### Prompt
Within the listing below, please copy exactly the lines between the line holding "هدفون بلوتوثی ونسر مدل VN-S30" and the line holding "Robot de nivellement", inclusive.

|---|

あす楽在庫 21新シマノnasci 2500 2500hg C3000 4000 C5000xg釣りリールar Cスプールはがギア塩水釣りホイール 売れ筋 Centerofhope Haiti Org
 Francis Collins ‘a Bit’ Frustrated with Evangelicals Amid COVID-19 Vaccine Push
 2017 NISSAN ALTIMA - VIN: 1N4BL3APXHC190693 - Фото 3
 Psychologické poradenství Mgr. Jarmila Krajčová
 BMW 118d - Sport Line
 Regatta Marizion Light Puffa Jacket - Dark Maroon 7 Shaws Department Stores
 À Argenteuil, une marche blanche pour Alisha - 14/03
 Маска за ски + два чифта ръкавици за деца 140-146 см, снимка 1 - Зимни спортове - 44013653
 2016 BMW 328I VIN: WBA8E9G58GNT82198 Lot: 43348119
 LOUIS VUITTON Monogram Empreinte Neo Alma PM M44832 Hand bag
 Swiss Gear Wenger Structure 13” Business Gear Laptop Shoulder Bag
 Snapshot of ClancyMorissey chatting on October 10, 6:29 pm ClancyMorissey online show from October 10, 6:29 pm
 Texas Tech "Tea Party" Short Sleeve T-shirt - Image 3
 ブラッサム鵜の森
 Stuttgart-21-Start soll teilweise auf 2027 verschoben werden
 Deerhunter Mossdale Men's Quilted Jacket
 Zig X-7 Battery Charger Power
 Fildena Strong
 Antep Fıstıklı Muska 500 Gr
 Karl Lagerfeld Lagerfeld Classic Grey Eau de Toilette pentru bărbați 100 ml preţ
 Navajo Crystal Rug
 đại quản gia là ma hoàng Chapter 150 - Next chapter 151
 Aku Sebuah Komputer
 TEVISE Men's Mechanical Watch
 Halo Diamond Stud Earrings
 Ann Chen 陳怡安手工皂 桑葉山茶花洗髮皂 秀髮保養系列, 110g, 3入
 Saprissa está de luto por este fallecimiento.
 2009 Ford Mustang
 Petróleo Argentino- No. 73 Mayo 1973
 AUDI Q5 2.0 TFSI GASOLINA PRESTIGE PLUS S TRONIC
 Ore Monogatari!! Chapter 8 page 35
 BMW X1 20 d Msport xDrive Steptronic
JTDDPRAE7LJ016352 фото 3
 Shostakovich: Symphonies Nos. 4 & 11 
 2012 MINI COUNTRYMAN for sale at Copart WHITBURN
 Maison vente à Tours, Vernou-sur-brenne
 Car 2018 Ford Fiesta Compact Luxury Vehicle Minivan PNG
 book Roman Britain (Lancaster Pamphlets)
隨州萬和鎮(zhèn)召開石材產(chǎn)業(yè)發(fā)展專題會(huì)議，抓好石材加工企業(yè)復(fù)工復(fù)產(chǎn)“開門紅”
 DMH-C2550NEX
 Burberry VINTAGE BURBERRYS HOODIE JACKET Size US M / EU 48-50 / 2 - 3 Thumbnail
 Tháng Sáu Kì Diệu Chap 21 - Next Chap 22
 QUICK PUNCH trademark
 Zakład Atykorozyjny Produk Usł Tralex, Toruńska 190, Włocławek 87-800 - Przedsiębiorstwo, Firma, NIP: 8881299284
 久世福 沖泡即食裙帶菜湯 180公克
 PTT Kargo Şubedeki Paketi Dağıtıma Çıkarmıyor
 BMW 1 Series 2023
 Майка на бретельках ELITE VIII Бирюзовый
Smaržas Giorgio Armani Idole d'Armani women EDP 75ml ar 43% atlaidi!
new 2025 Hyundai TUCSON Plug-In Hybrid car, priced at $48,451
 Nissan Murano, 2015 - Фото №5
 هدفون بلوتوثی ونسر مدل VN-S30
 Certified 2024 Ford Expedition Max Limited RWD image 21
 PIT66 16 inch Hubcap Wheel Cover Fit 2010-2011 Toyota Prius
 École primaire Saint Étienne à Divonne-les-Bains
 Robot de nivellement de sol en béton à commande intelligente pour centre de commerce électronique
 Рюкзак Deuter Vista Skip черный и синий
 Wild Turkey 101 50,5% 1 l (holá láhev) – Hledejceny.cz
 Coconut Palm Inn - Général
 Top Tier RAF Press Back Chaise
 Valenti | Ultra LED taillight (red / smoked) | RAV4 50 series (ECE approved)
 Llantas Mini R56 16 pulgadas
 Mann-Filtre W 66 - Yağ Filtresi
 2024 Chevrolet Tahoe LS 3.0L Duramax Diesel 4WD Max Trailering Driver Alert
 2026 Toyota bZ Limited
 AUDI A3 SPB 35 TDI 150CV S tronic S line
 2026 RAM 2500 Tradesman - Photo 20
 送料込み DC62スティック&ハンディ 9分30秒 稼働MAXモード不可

|---|

### Exercise response
 هدفون بلوتوثی ونسر مدل VN-S30
 Certified 2024 Ford Expedition Max Limited RWD image 21
 PIT66 16 inch Hubcap Wheel Cover Fit 2010-2011 Toyota Prius
 École primaire Saint Étienne à Divonne-les-Bains
 Robot de nivellement de sol en béton à commande intelligente pour centre de commerce électronique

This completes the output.